Think in terms of a premium of around £1,800 over the G70 saloon. Shooting Brake prices start at just over £35,000 for the 2.0-litre petrol version - or from around £38,000 for the 2.2-litre diesel. Either way, there are three trim levels - 'Premium', 'Luxury' (around £1,600 more) and 'Sport' (around £4,000 more). These prices are comparable with the entry-level figures for cars like Audi's A4 Avant, BMW's 3 Series Touring or the Mercedes C-Class Estate, but with those models, you'll need to spend a lot more to get a comparable level of equipment to that fitted with the G70 Shooting Brake. Just about everything you can imagine is fitted as standard. Genesis doesn't have a network of UK dealerships. Instead, everything is done via so-called Genesis 'Studios' - which will be shopfronts in upmarket shopping centres. One has already been opened in London and others will follow. But you don't have to go to one of those. You simply connect with Genesis online, then you'll be allocated your own Genesis Personal Assistant who'll take you through the sales process, from test drive to delivery - and they'll deal with after-care as well. This Assistant isn't won't be salaried on commission as an ordinary car salesperson would be, so you won't get any hard sell.

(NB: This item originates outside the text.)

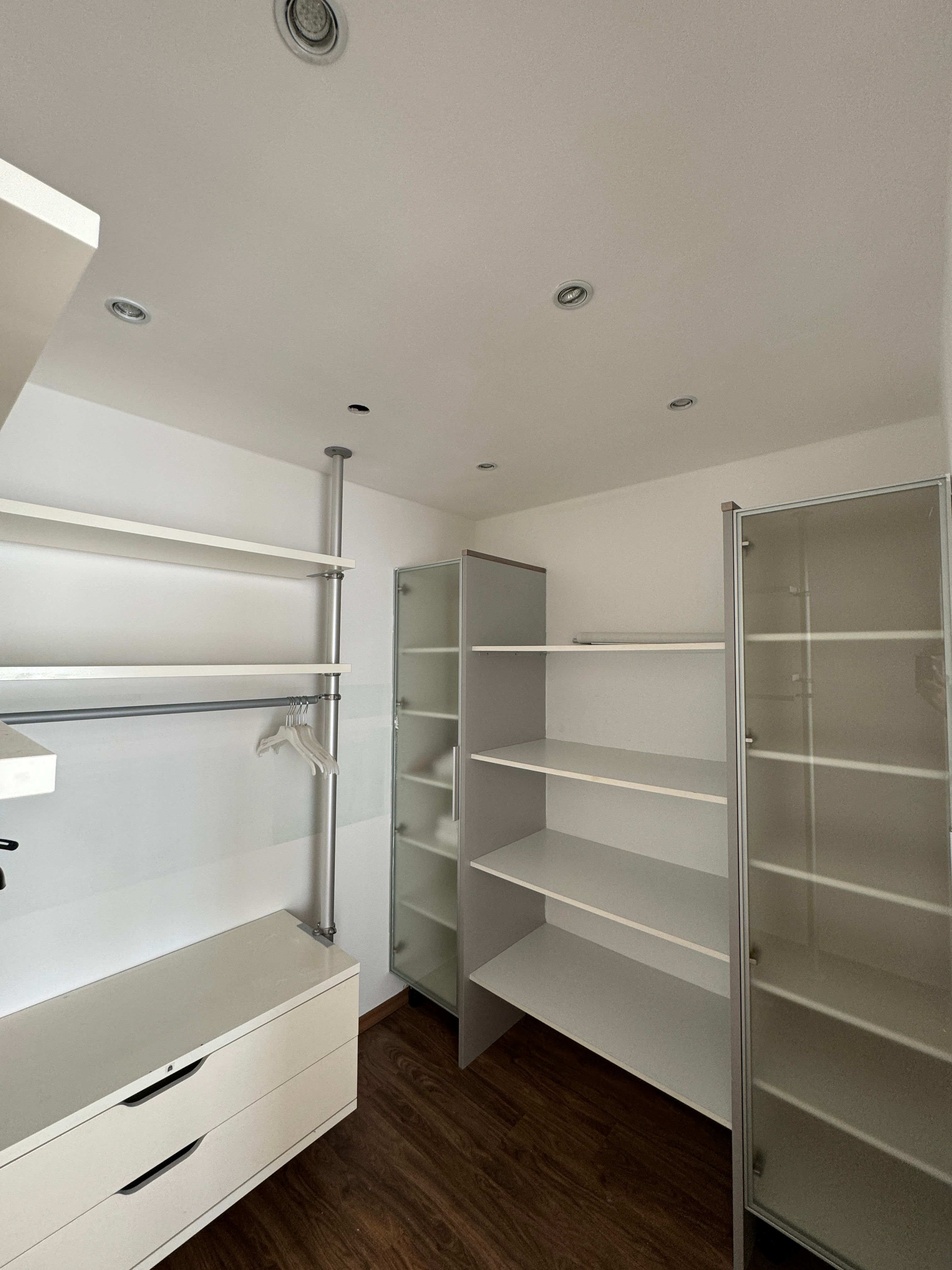 Spacious 3-Bedroom House With Under-Floor Heating, Private Garden & Parking – Easy Access From Subwa - 1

In 2.2-litre diesel form, this G70 Shooting Brake is reasonably economic - quoted at 40.7-41.8mpg on the combined cycle with a CO2 best of 175g/km. With the 2.0-litre petrol engine, those readings fall to 31.6-33.1mpg, with a CO2 best of 193g/km. Insurance is rated at either 32A-39A for the petrol and 37A to 38A for the diesel. Every Genesis is covered by a 5 year Care Plan which includes scheduled servicing for 5 years or 50,000 miles. With each service visit, Genesis will collect and return the car to your door. This also applies to any necessary work required, including warranty work. You simply contact your Genesis Personal Assistant to make it happen. Who can also arrange a courtesy car. The 5 year Care Plan also includes updates to in-car navigational maps. And there's complimentary subscription to Genesis Connected Services, which will allow you to access information services from your 'phone to digitally enhance your ownership experience.
Genesis is shooting for the stars in this segment with this estate, the stars in question primarily being the BMW 3 Series Touring, the Audi A4 Avant and the Mercedes C-Class Estate. To be frank, more realistic targets in this class lie with models like the Volvo V60 and the Volkswagen Arteon Shooting Brake. Maybe also, if you're being very left-field, Subaru's Levorg and the Peugeot 508 SW PSE. All these models are pretty desirable, but for a small select group of potential customers in this class, this G70 Shooting Brake might prove to be more desirable still. It looks good, handles well and is beautifully finished inside. An equally big draw will be the class leading level of customer service back-up. And relatively affordable prices. In the demerit column lies not particularly stellar levels of efficiency from the two conventional engines. To succeed, Genesis needs to produce more slightly quirky cars like this. We think the right kind of buyer might quite enjoy this one.